「さてと……立体機動についてなんだが……。見せてみれば解るか……。莉那、颯太を観戦者モードにしろ」
「は~い。ちょっとごめんね颯太君。一瞬意識が無くなるよ~」

 莉那先輩はリモコンを取り出し、リズムよく操作していく。ピッと電子音が鳴った時、僕の視界が闇となった。
 目を開くと、同じ風景じゃないか! とツッコミかけた時に気づいた。
 腕の感覚がまるで違う……。全身にこみ上げてくる何かのエネルギーそのものが違う……。手を動かそうとしたが、動かない……。

「お~い颯太君。聞こえている~?」

 莉那先輩が話しかけてきた。辺りを見回そうとしたが、視点が曲げられない。
 そして僕は気づいた。今僕が見ている視点は、莉那先輩だった!

「最初は主観で、私と蓮太郎くんの立体機動を見て、お手本にしてね」
「莉那、始めるぞ。巨人を出現させてくれ」

 莉那先輩は下を向き、リモコンを操作し始めた。
 仮想現実空間内にアナウンスが流れる。

「シークエンススタートまで、残り15秒……」

 カウントダウンが始まる。莉那先輩は蓮太郎先輩に近づき、作戦について説明した。
 左右二手に別れて、巨人を10体ずつ駆逐するという事を伝えていた。

「立体機動装置と空間内の設定を完全初期化します。巨人を配置します。配置完了……トロスト区シークエンスをスタートします」

 開始の合図の鐘が仮想現実空間内に響き渡る!
 響くと共に、蓮太郎と莉那は、それぞれ右と左に別れる。
 莉那はすぐ近くにある、家の壁に右アンカーを射出して突き刺す。

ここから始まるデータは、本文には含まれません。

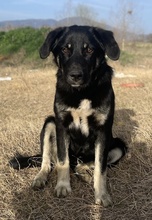 ELLA, Hund, Mischlingshund in Euskirchen - Bild 3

鉄線がキキキと唸り声を上げ、火花を上げる!
 巻取りが終わる寸前、莉那は直ぐに右アンカーを抜き取り、左アンカーを反対側の壁に突き刺す!
 左アンカーが刺さり、莉那は地面に衝突する寸前まで一気に急降下し、鉄線の動きにブレーキを掛ける。ガスを弱く噴射し、体勢を整える。
 7m級巨人が莉那の視界に写る。
 巨人の顎の辺りに左アンカーを突き刺し、ガスを強く噴射する。莉那は巨人の後ろに回り込みつつ、操作装置にブレードを装着する!
 うなじの中心付近に右アンカーを突き刺し、ガスを噴かして急接近する。
 大きくスナップブレードを上げ、力強く振り下ろす! うなじは綺麗にVの字に削ぎ取れ、巨人は倒れこんだ……。
 さらに、近くに11m級巨人が居た。莉那はその巨人に気づかれないうちに、首の右横辺りに右アンカーを突き刺す!
 周りが見えなくなる程のガスを噴射し、スナップブレードを大きく振りかぶり、うなじを大きく削いだ!

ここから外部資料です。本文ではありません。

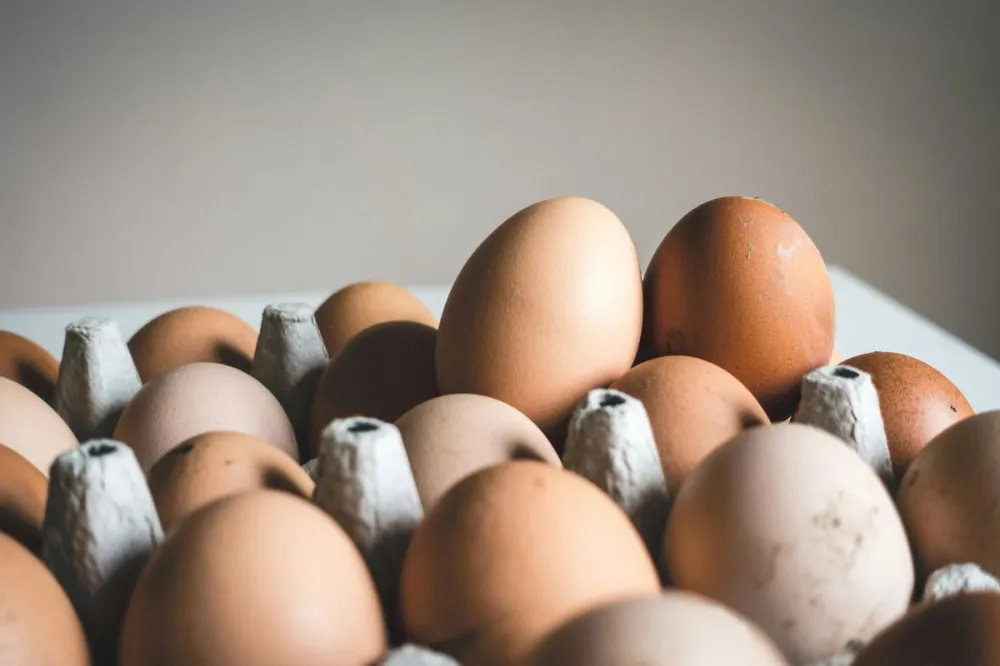 Фото Некачественные яйца, масло и творог обнаружили в больницах Нижегородской области - Новости Живем в Нижнем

 莉那先輩の器用さが手に取るように見える。巨人の弱点である、後頭部より下のうなじにかけての縦1m幅10cmを、正確に深く削ぎとっている。形は少しだけしか異ならない。ほぼ同じ形で、同じ深さで削ぎとっていた……。

「そろそろ蓮太郎先輩の視点に変えるか……。え~と、これかな?」

 適当に操作し、視点が切り替り、蓮太郎先輩の視点となった……。
 少しずつ景色が進んでいる……、おそらく蓮太郎先輩は歩いているのだろう。

 颯太がそう考えていた刹那、蓮太郎は近くの屋根から伸びている煙突に、左アンカーを突き刺す! 煙突を中心に回り、回った先にいた10m級巨人のうなじを、横回転しながら削ぎ取る。
 倒した10m級巨人を使い、回転した時の慣性を消す。そこから頭上に駆け上がって踏み台にし、ガスを強く噴射しながら、倒した巨人の前に居る7m級巨人よりも高く跳ぶ!
 そして、急降下し、縦回転をしながら、うなじを削ぎ取る!
 地面に着地。同時に、15m級と4m級巨人が接近してくる。
 両アンカーを、自分の左右にある家の壁に突き刺し、15m級巨人の後頭部まで高く飛び上がって回り込む!
 15m級巨人の後頭部を蹴り飛ばし、その後ろに居る、同じ高さ程ある巨人のうなじを削ぎ取る!
 直ぐ様真後ろを向き、踏み台にした巨人の後ろ首に、両アンカーを突き刺す! 一気に接近し、横回転斬りでうなじを削ぎとった!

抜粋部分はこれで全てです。